Your assignment:
Pictures stay out of the copy; set down each line of the listing below exactly.

Input data:
= = = = =

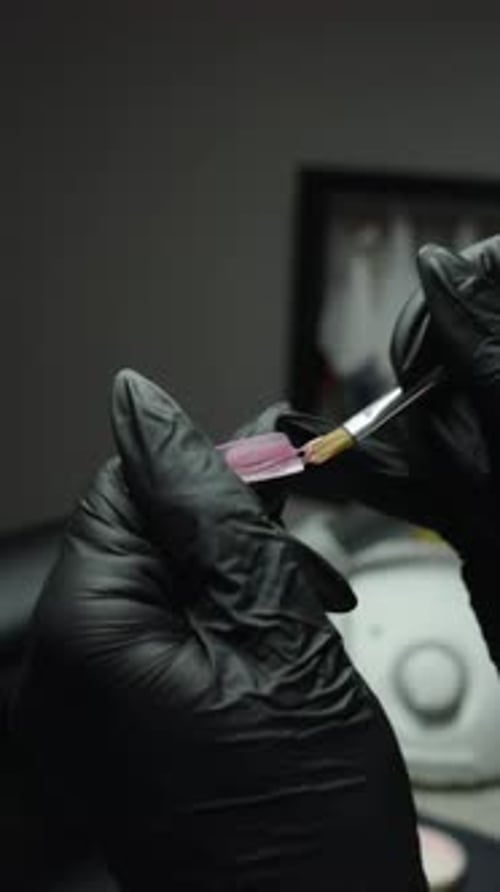 Hands applying clear coat with detail brush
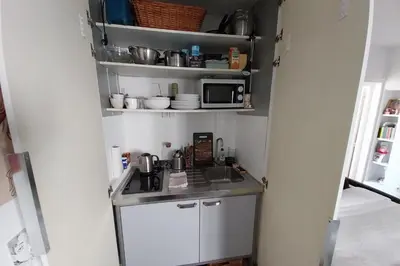 Cuisine ou kitchenette dans l'établissement Studio for 2 - near Louvre Museum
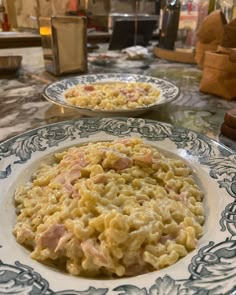 two plates filled with macaroni and cheese on top of a table next to each other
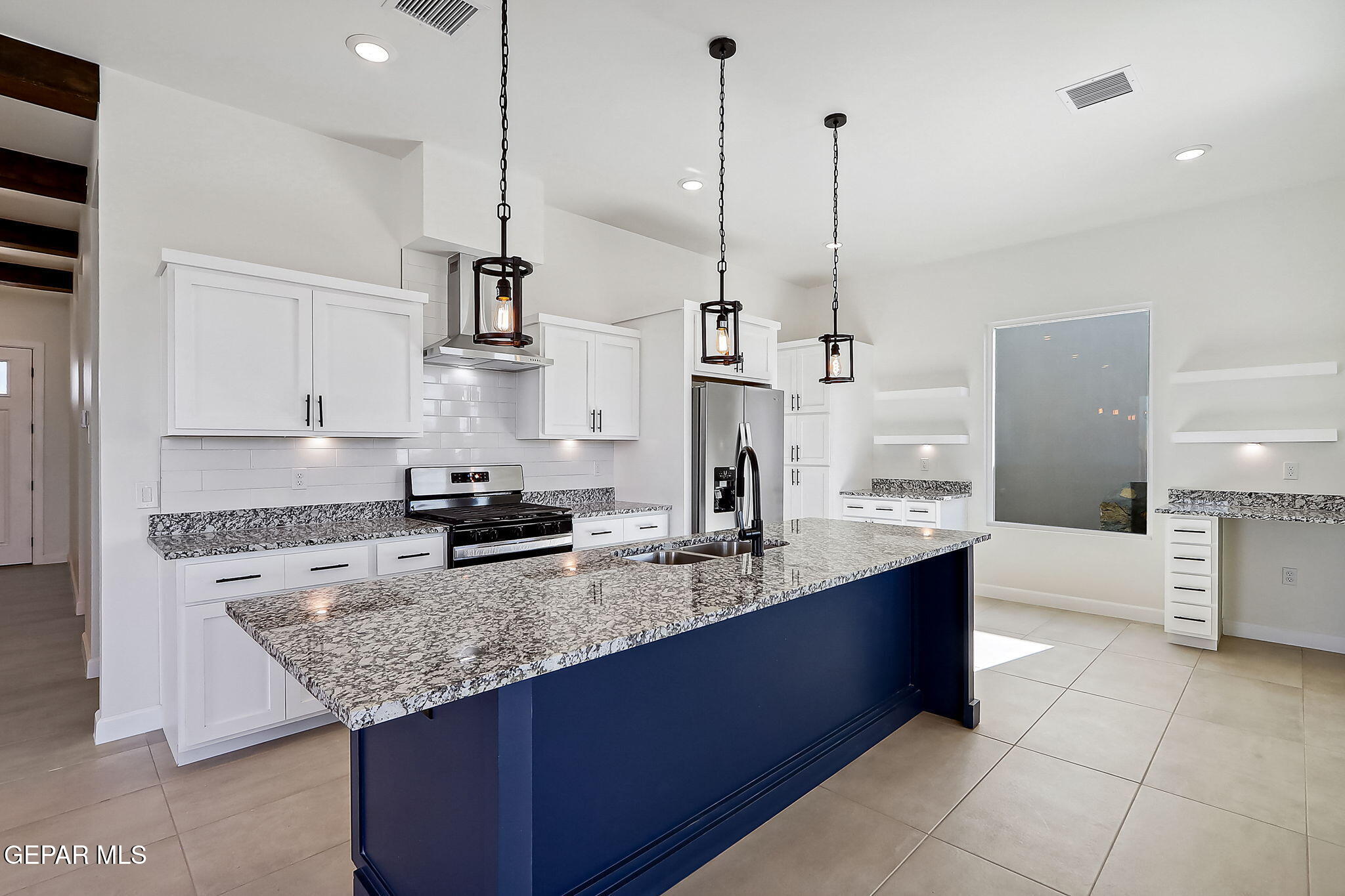 5997 Ruidoso Downs Street El Paso, TX 79932 - Photo 2 of 42 a kitchen with stainless steel appliances granite countertop a sink a stove and a wooden floor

= = = = =

Result:
 Hands applying clear coat with detail brush
 Cuisine ou kitchenette dans l'établissement Studio for 2 - near Louvre Museum
 two plates filled with macaroni and cheese on top of a table next to each other
 5997 Ruidoso Downs Street El Paso, TX 79932 - Photo 2 of 42 a kitchen with stainless steel appliances granite countertop a sink a stove and a wooden floor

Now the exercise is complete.